Reproduce the records below exactly; the images should not appear.

(Data records)
:::::
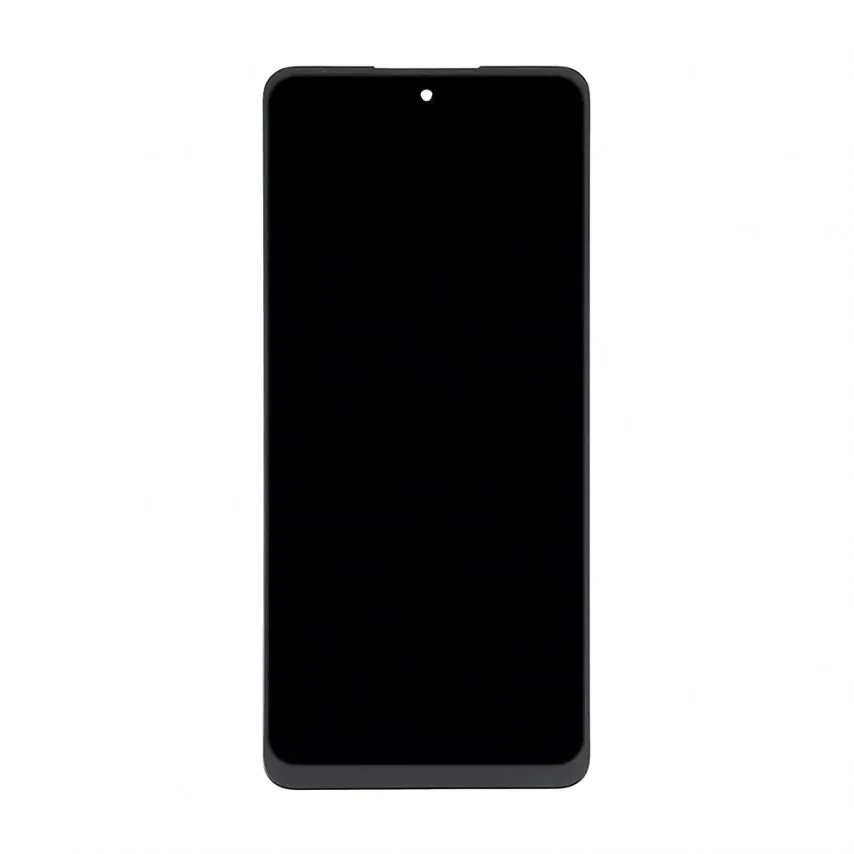 Дисплей Tecno TFT 6,1 чорний з сенсорним екраном High Quality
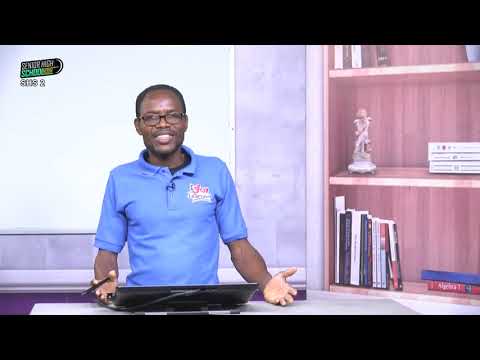 Shs Hour - Chemistry - Shs 2 - Buffer  Solutions - (03- 03-2022)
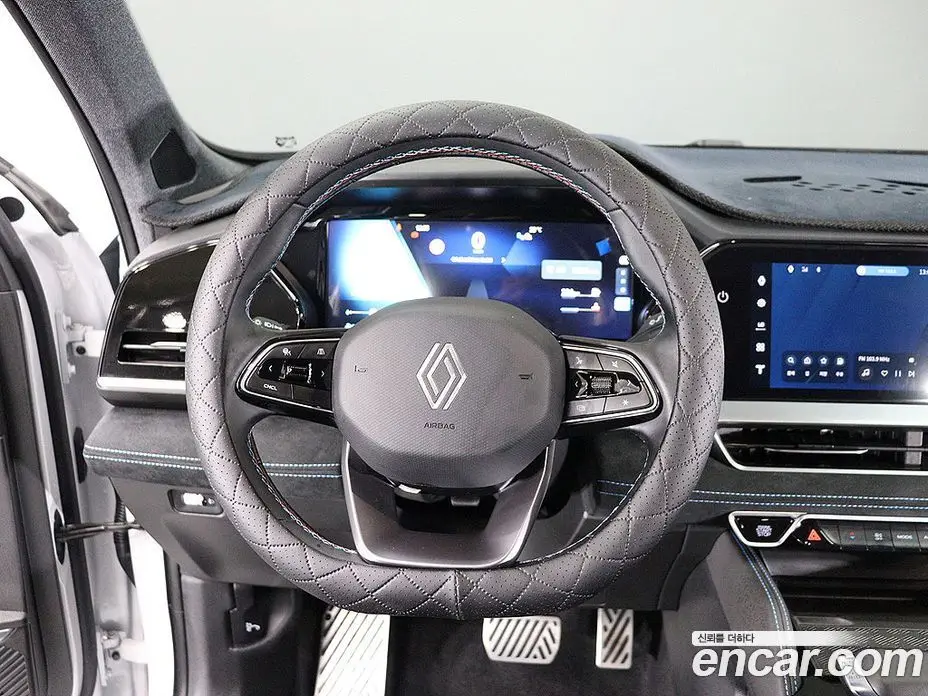 Renault (Samsung) Grand Koleos 2025 1.5 автомат (гидро), фото 15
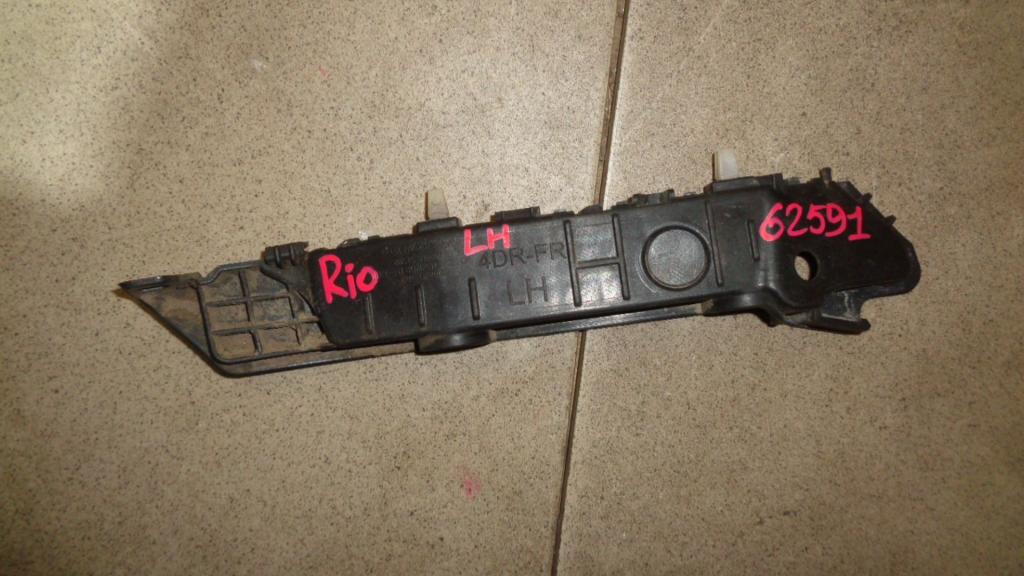 Кронштейн переднего бампера левый, 1000 рублей, Пермь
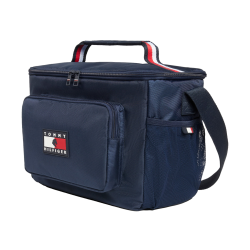 Borsa da toelettatura Tommy Hilfiger Equestrian Dixon Cielo del deserto Blu Borsa da toelettatura Tommy Hilfiger Equestrian Dixon Cielo del deserto Blu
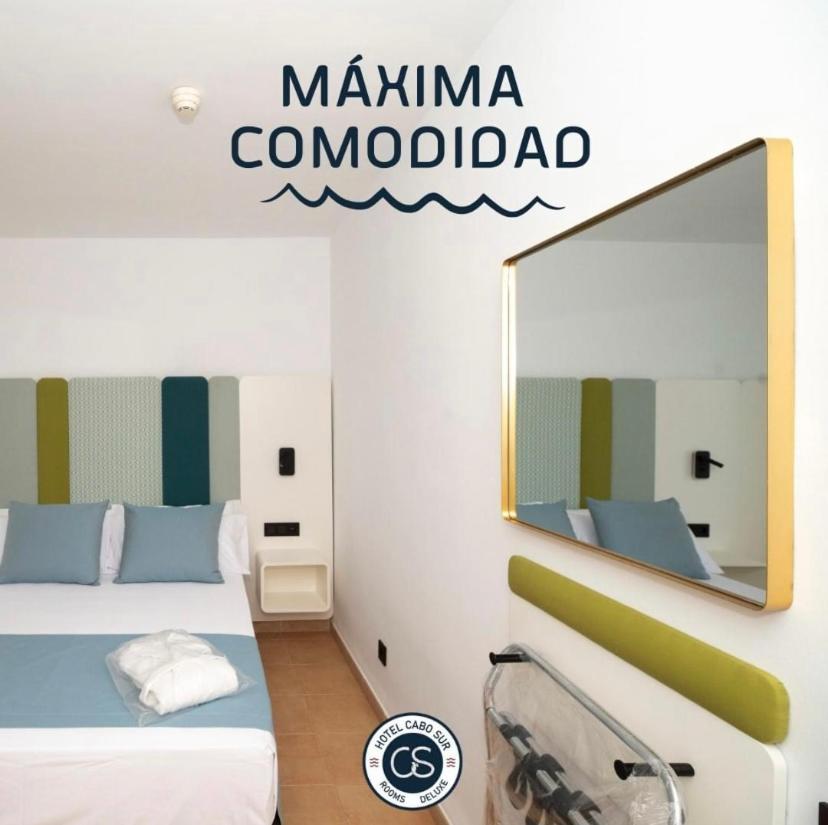 Hotel Boutique Cabo Sur 모야카 외부 사진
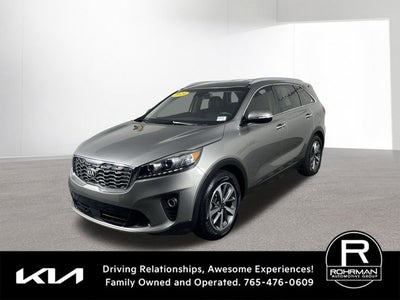 2019 Kia Sorento EX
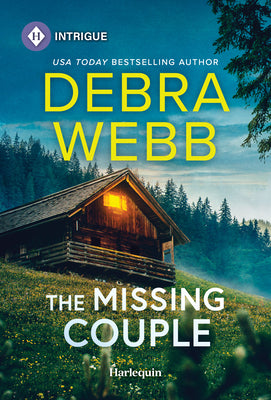 The Missing Couple by Debra Webb book cover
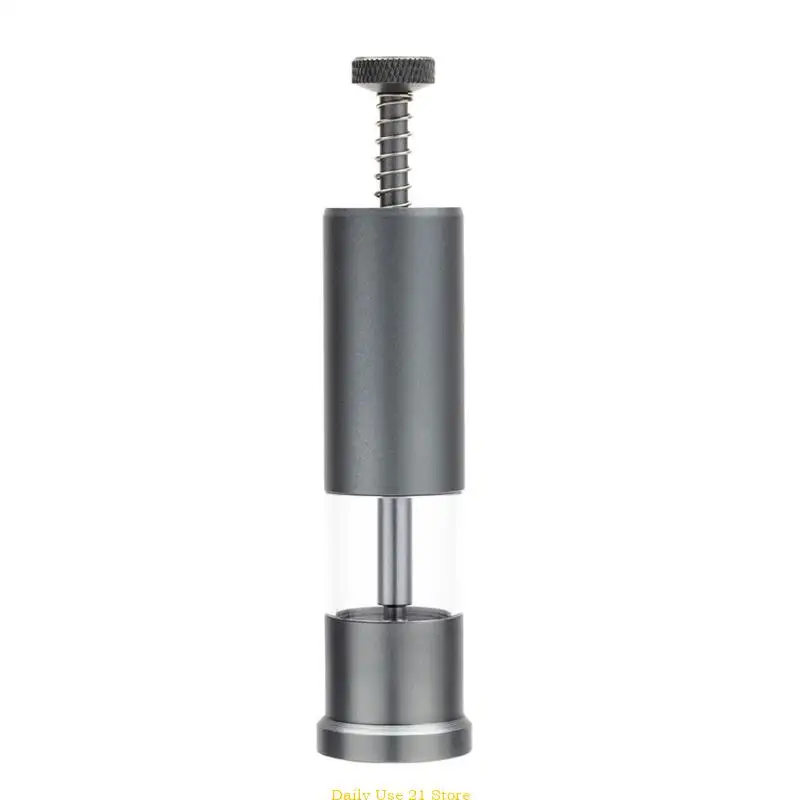

Practical Hand Press Fish Feeding Tool Pet Fish Feeder Feeding Supplies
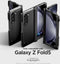 Spigen ACS06213 - Soft case - Air Cushion en militaire standaard - Zwart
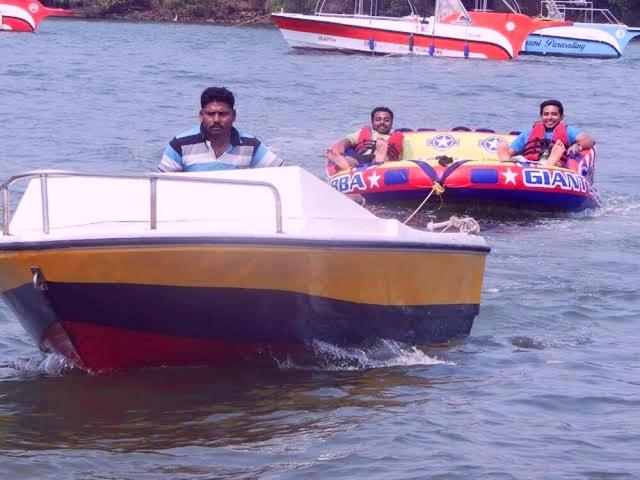 Samant Beach Resort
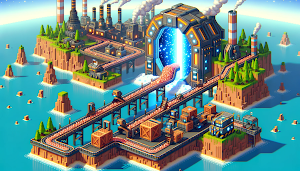 Factory Builderment Industry Screenshot 2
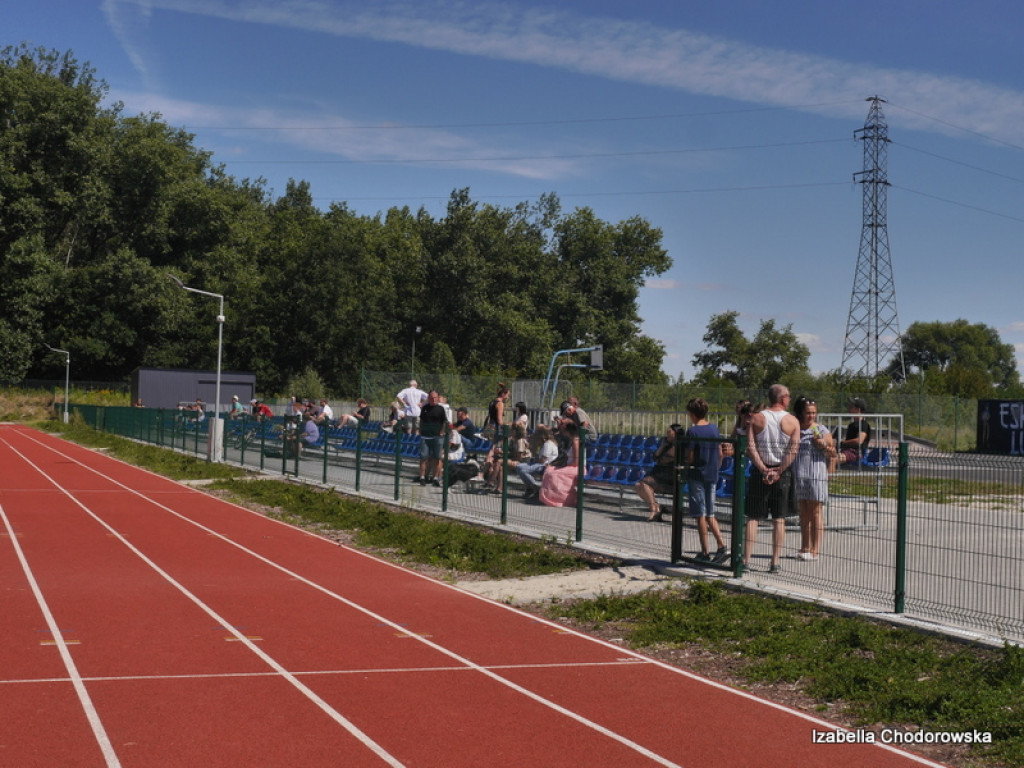 Luboński gromi AP Dębiec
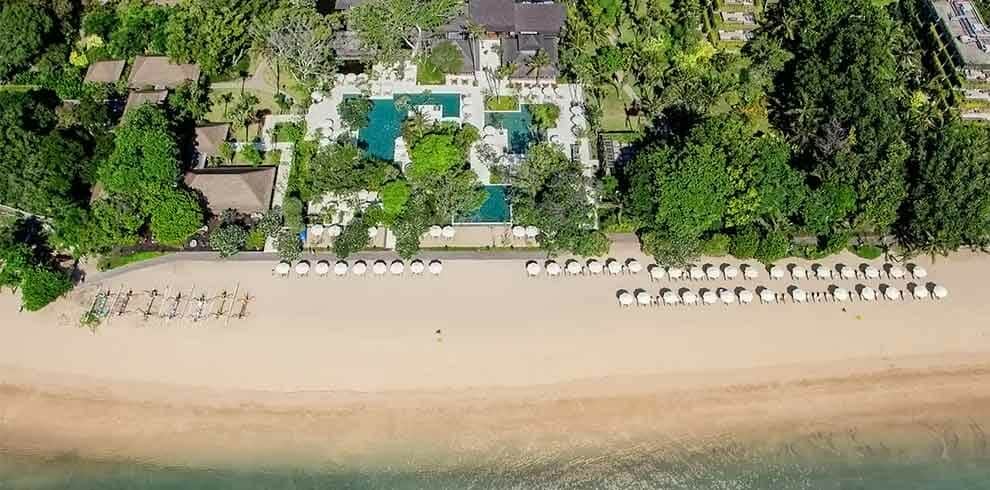 Sanur Beach - Hyatt Regency Bali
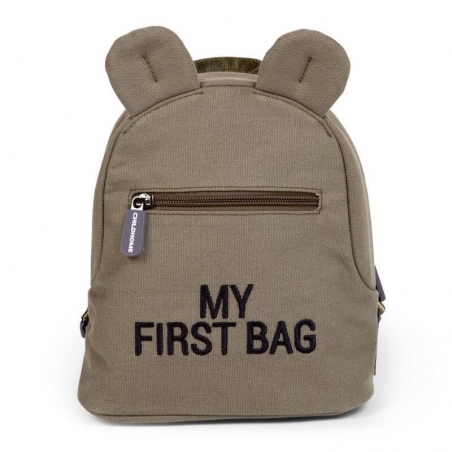 My first Bag de Childhome - coloris kaki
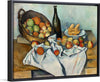 "The Basket of Apples (ca. 1893)", Paul Cezanne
:::::
_SOLUTION TO THE PROBLEM:_
 Дисплей Tecno TFT 6,1 чорний з сенсорним екраном High Quality
 Shs Hour - Chemistry - Shs 2 - Buffer  Solutions - (03- 03-2022)
 Renault (Samsung) Grand Koleos 2025 1.5 автомат (гидро), фото 15
 Кронштейн переднего бампера левый, 1000 рублей, Пермь
 Borsa da toelettatura Tommy Hilfiger Equestrian Dixon Cielo del deserto Blu Borsa da toelettatura Tommy Hilfiger Equestrian Dixon Cielo del deserto Blu
 Hotel Boutique Cabo Sur 모야카 외부 사진
 2019 Kia Sorento EX
 The Missing Couple by Debra Webb book cover

Practical Hand Press Fish Feeding Tool Pet Fish Feeder Feeding Supplies
 Spigen ACS06213 - Soft case - Air Cushion en militaire standaard - Zwart
 Samant Beach Resort
 Factory Builderment Industry Screenshot 2
 Luboński gromi AP Dębiec
 Sanur Beach - Hyatt Regency Bali
 My first Bag de Childhome - coloris kaki
 "The Basket of Apples (ca. 1893)", Paul Cezanne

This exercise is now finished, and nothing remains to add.